Recently, the third session of The Paper Afternoon Tea · Into Shanghai Think Tanks, jointly hosted by The Paper Institute and the Fudan Development Institute, and organized by the Center for Global AI Innovative Governance (CGAIG), was held at the Fudan University Think Tank Building. Themed New Changes and Trends in Global AI Innovation Governance, the seminar brought together representatives from universities, research institutes, industry experts, and relevant government departments for in-depth exchanges. The event was presided over by Zhang Jun, Vice President of The Paper and Director of The Paper Institute, with guidance from the Shanghai Philosophy and Social Science Planning Office and the Artificial Intelligence Development Division of the Shanghai Municipal Commission of Economy and Informatization.

Group photo of the seminar

Li Anfang, Director of the Shanghai Philosophy and Social Sciences Planning Office

Wang Xin, Deputy Director of the Artificial Intelligence Development Division, 

Shanghai Municipal Commission of Economy and Informatization

Zhang Jun, Vice President of The Paper and Director of The Paper Research Institute

In his address, Professor Chen Zhimin, Vice President of Fudan University and Executive Director of CGAIG, pointed out that the booming development of artificial intelligence is profoundly changing social structures and accelerating the evolution of global governance systems. With support from various sectors, Fudan University has promoted the launch and operation of CGAIG, which will focus on several key areas: first, actively organizing and participating in global AI governance dialogues to strengthen Sino-foreign research cooperation; second, promoting inclusive AI development to empower capacity building in Global South countries and bridge the intelligence divide; third, strengthening exchanges and cooperation with Global North countries, such as those in Europe and the US, to build governance consensus and promote open sharing and North-South cooperation; and fourth, aggregating global resources from industry, academia, and research to build a shared platform that benefits Shanghai, China, and the world.

Currently, the Center has achieved a series of preliminary results in the early stages, and this seminar marked the public release of its first research report focusing on global AI governance trends. In the future, the Center plans to release a series of reports and organize high-level international seminars, talent training, and other activities, making new contributions to Shanghai and China’s efforts in the field of AI-empowered global sustainable development.
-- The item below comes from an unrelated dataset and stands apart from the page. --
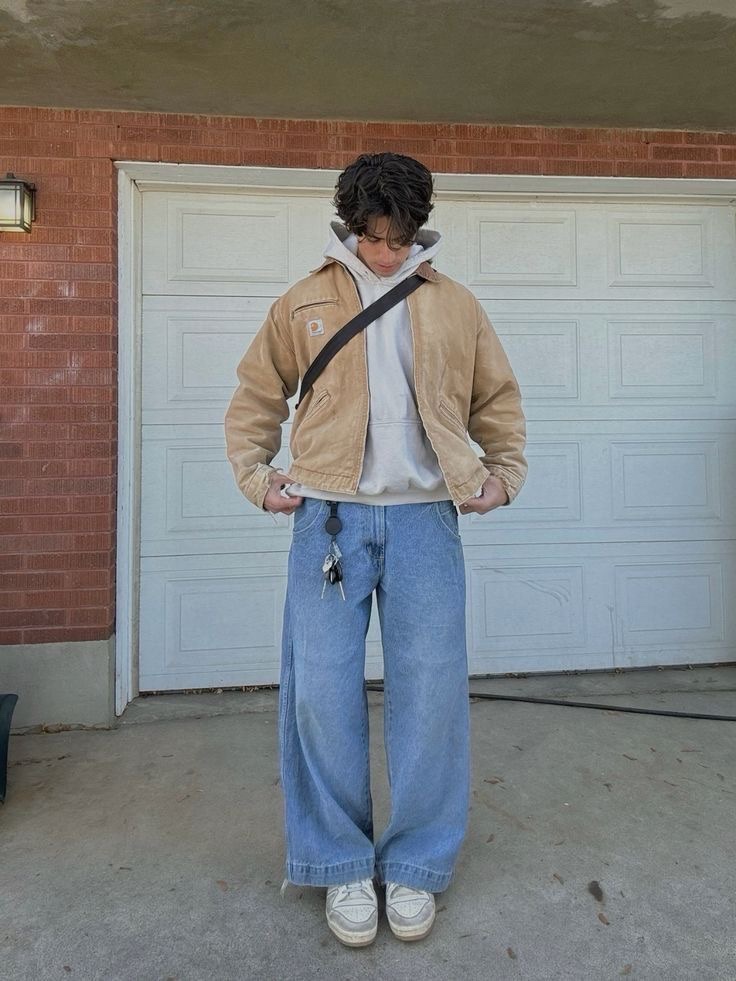 RYUL+WAI: Denim Raglan Sleeve Work Jacket Brown, Human Made Dachs Corduroy Work Jacket Beige 착용 스타일 - 5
Chen Zhimin, Vice President of Fudan University and Executive Director of CGAIG

Yao Xu, a Researcher at CGAIG and Associate Researcher at the Fudan Development Institute, released the research report titled New Trends in Global AI Governance: Observations Starting from the 'Shanghai Declaration' on behalf of the project team. The Report is divided into two main parts. The first part primarily explores the new trends and changes in the field of global AI governance appearing one year after the release of the Shanghai Declaration on Global AI Governance, offering corresponding policy and action recommendations based on actual conditions. The second part concentrates on presenting the views of experts from over ten countries, showcasing diverse voices from different regions and fields regarding how they view the status and prospects of AI governance.
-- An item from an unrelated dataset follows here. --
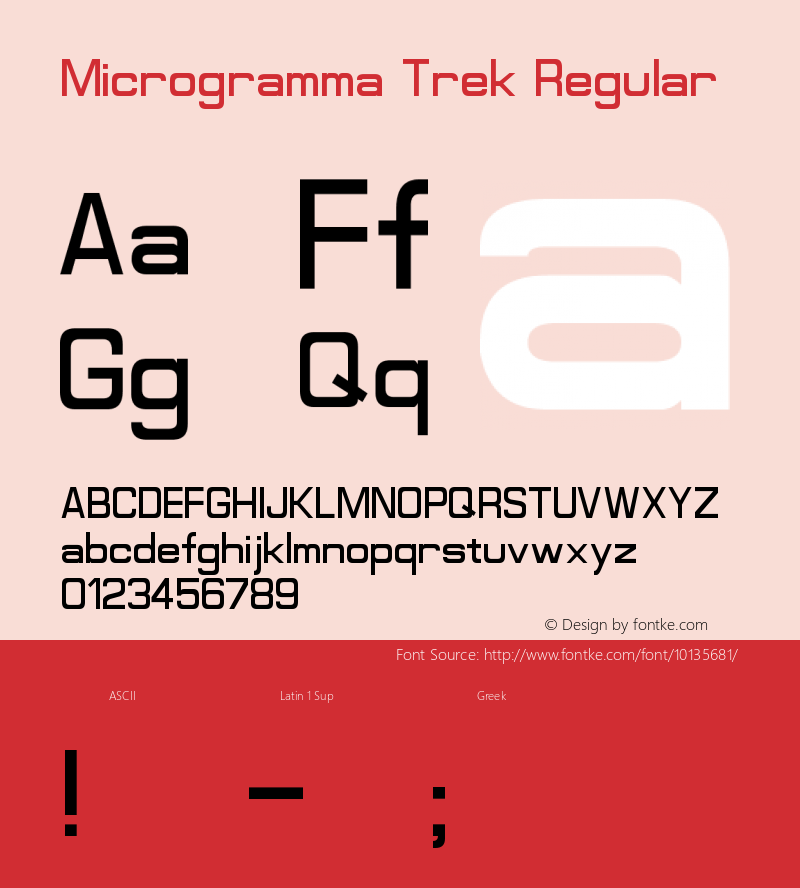 Microgramma Trek Regular Version 1.00 Font Sample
The Report argues that strengthening multi-party collaboration under the United Nations framework is a crucial path for enhancing AI capacity building; it suggests coordinating the interests of developed and developing nations and promoting deep cooperation between public and private sectors to form a governance structure with multi-stakeholder participation. Increasing strategic mutual trust among parties and promoting the alignment of AI governance rules and standards are identified as primary tasks for future global AI governance. To ensure an equal and inclusive global AI governance system where AI capacity building benefits all parties, the Report emphasizes strengthening resource sharing among Global South countries, uniting the Global South to speak with a common voice in governance decision-making, and further reinforcing North-South cooperation.

Yao Xu, a Researcher at CGAIG and Associate Researcher at the Fudan Development Institute

The subsequent open discussion session further stimulated deep exchanges among the attending guests. They not only shared frontier thoughts on the application and governance of AI but also proposed constructive development paths centered on how China, and particularly Shanghai, can play an active role in the global AI governance landscape.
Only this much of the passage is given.